Zia found the parliamentary democracy tainted in many ways and brought the presidential system with a technocratic decision-making scheme. He replaced the parliament with a consultative council to help him in Pakistan’s process of Islamisation and banned all political parties. He organised a referendum in 1984 to extend and legitimise his status. The country was in such a state, that a vote against Zia, meant a vote against Islam. He got 95% of the total votes, though the voter turnout was below 10%.
Elements of Progressive Politics
It is easy to see the reason behind the failure of secularism in the Middle Eastern countries. However, a completely different scenario has played out in the region in areas where progressive politics has been successful.
In the 1930s, Turkey gave full political rights to women, including the right to elect and be elected locally (in 1930) and nationwide (in 1934). Turkey was founded in 1923, and despite being a secular country at its foundation, more than 90% of the population identified themselves as Muslims. Accordingly, it was an incredibly progressive move compared even to the European countries such as Italy, France, or Portugal, who only extended the franchise to women in 1945-1946.
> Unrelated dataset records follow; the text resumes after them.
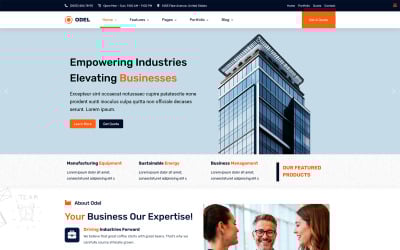 Шаблон Joomla Odel Business Industry
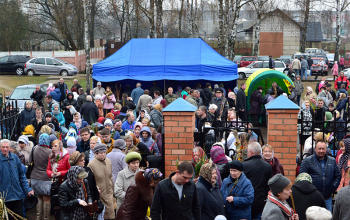 Вербное воскресенье в храмах Борисовского благочиния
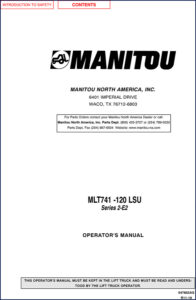 manitou mlt741, manitou manual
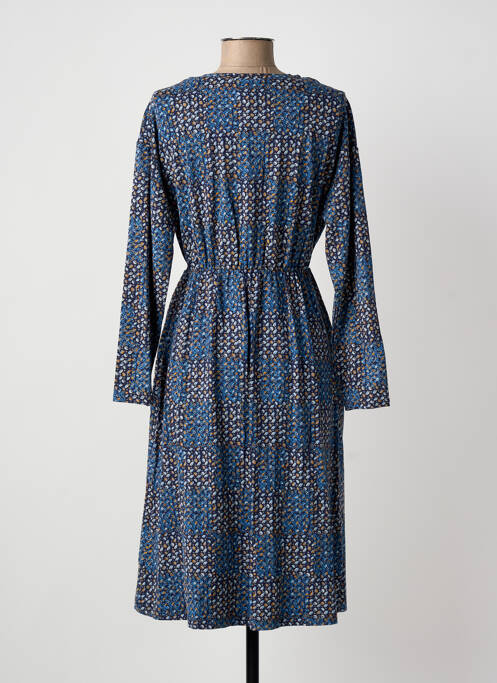 Robe mi-longue imprimé fantaisie manches longues bleu WHITE STUFF femme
Jordan has legalised same-sex marriage and provided equal rights to women and men in 1951. Bahrain is also one of the only Middle East nations to have legalised same-sex marriage (in 1976, way before the US). Iran is second in the world in transgender surgery (since 1985, after Thailand), and now performs about 300 surgeries annually. The process is also state-subsidised. The national health system covers nearly half of the costs of the surgery and psychiatric support.
Iran also has state-run drug rehabilitation facilities that help people who are suffering from drug addictions, both medically and spiritually. In these facilities, patients are provided opioids (heroin, codeine, Vicodin, morphine, etc.), so that they can avoid pain caused by the withdrawal, by replacing the heavy drugs with these opioids, and decreasing the amount of the intake gradually. Iran has 3,300 of these clinics; the USA, on the other hand, has four times Iran’s population, but about 1,300 clinics.
As long as the war in the Middle East rages on, there will be no grounds to truly push progressive policies like these, and the region will continue to be mired in conservativism and puritanism.